Background

HD is a B-lineage lymphoma characterized, depending on subtype, by a prominent inflammatory infiltrate and fibrosis. Clinically, inflammatory symptoms like fever, weight loss and night sweats (B-symptoms) and increased blood biomarkers of inflammation, including ESR and CRP, are characteristic of more advanced disease.

The clinical trial EURONET-PHL-C2 (Second International Inter-Group Study for Classical Hodgkin's Lymphoma in Children and Adolescents) is a randomized, prospective trial that compares chemo- and radiotherapy treatment concepts of different intensities in patients with intermediate and advanced HD. Patients are stratified by risk into 3 therapy groups (TL-1 to TL-3). An ESR> 30mm/h had been a risk factor for relapse in previous studies and leads to upstaging from the lowest (TL-1, Ann Arbor stage I and IIa without additional risk factors) to the intermediate risk group TL-2 in the current study.

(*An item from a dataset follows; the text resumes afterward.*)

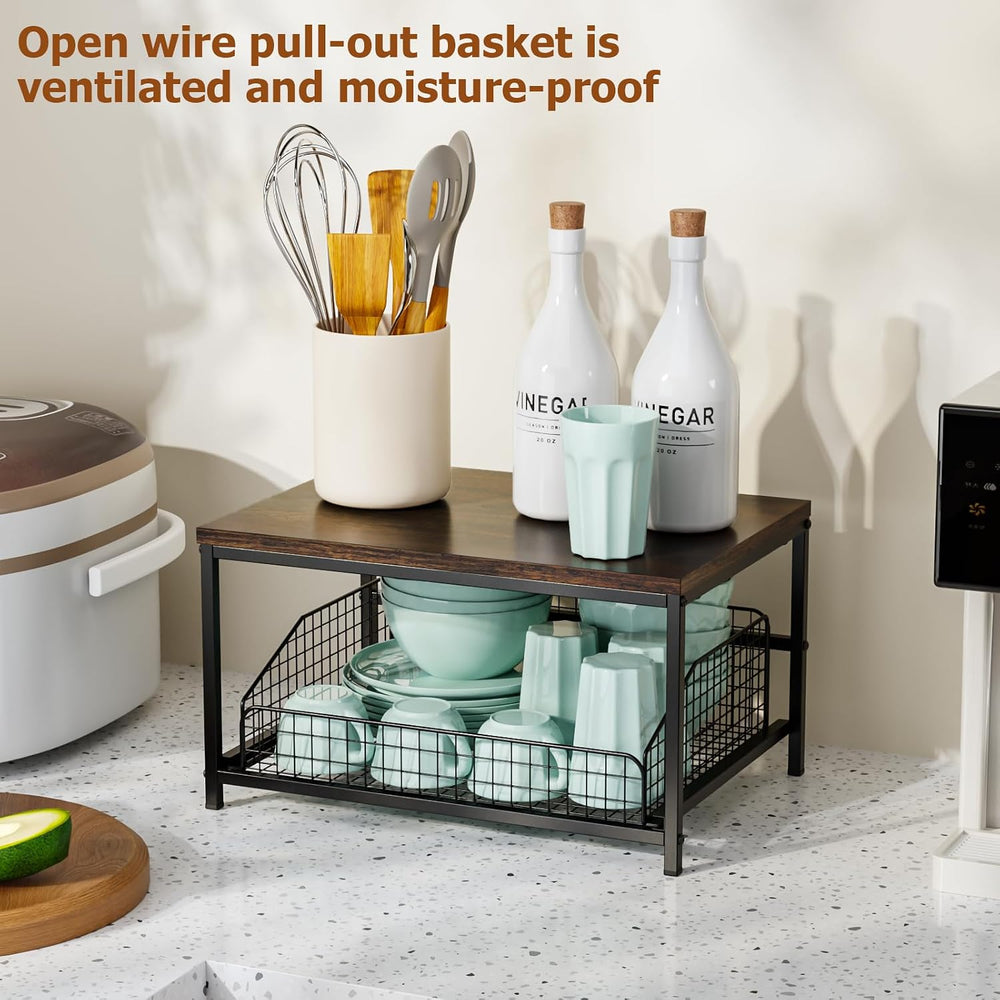 KLM Pull Out Spice Rack Organizer for Cabinet,Rustic Wood Top with Wire Baske...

This addon pilot study tested urine proteomic patterns from pediatric patients with HD at diagnosis and compared them to the patterns of normal children. The questions were: Is there a HD-specific pattern, a pattern that identifies high risk or a pattern that correlates with inflammatory markers?

Patients and methods

Capillary electrophoresis coupled to mass spectrometry (CE-MS) was used to compare the peptide profiles in the mass range of 0.8 to 20 kDa of urine samples (N=34) from 16 children with pediatric Hodgkin lymphoma (PHL) as case and 32 age-matched children with no evidence of a disease (N=28) or with urinary tract infection (N=4) as control groups. Marker selection was based on a two-step strategy. First, a group-wise comparison of rank sum differences was performed on a set of 2418 annotated peptides with distribution frequencies above 30% in at least one of the groups with subsequent adjustment for multiple testing by the method of Bonferroni. In the second step marker candidates were further restricted to those demonstrating a significant positive or negative Spearman rho correlation coefficient (≥0.34 or ≤-0.34) to the Ann-Arbor classification criteria. From the resulting peptides a multivariate peptide marker classifier was established by support vector machine modeling and applied to an independent confirmation set of PHL (N=16, 31 urine samples) and control (N=18, 18 urine samples) patients to determine classification accuracy in receiver operating characteristics (ROC) analysis. Peptides included in the PHL classifier were resolved in their amino acid sequence by tandem mass spectrometry to identify the proteins from which the peptide markers are derived.

Results

The established multivariate peptide marker model consisting of 40 naturally occurring urinary peptides enabled absolute differentiation between PHL patients and children without signs of disease or urinary tract infection in independent validation as revealed by an area under the ROC curve value of 1.0 (95% confidence interval: 0.93 to 1.00, p<0.0001). Amino acid sequencing revealed that the majority of peptides are interstitial collagen fragments from specific hot-spot regions within the proteins linear sequence and in part with overlapping amino acid sequences indicative for the activity of specific extracellular matrix degrading proteases. Other PHL peptide markers are derived from the tumor associated proteins S100-A9, Prostaglandin-H2 D-isomerase and Cytokeratin-8.

Conclusions and perspective

We were able to identify a proteomic pattern characteristic for HD, markers for relapse risk group or HD-associated inflammation were not yet identified.

Disclosures

Metzger:Mosaiques Diagnostics: Employment.

Author notes

*

Asterisk with author names denotes non-ASH members.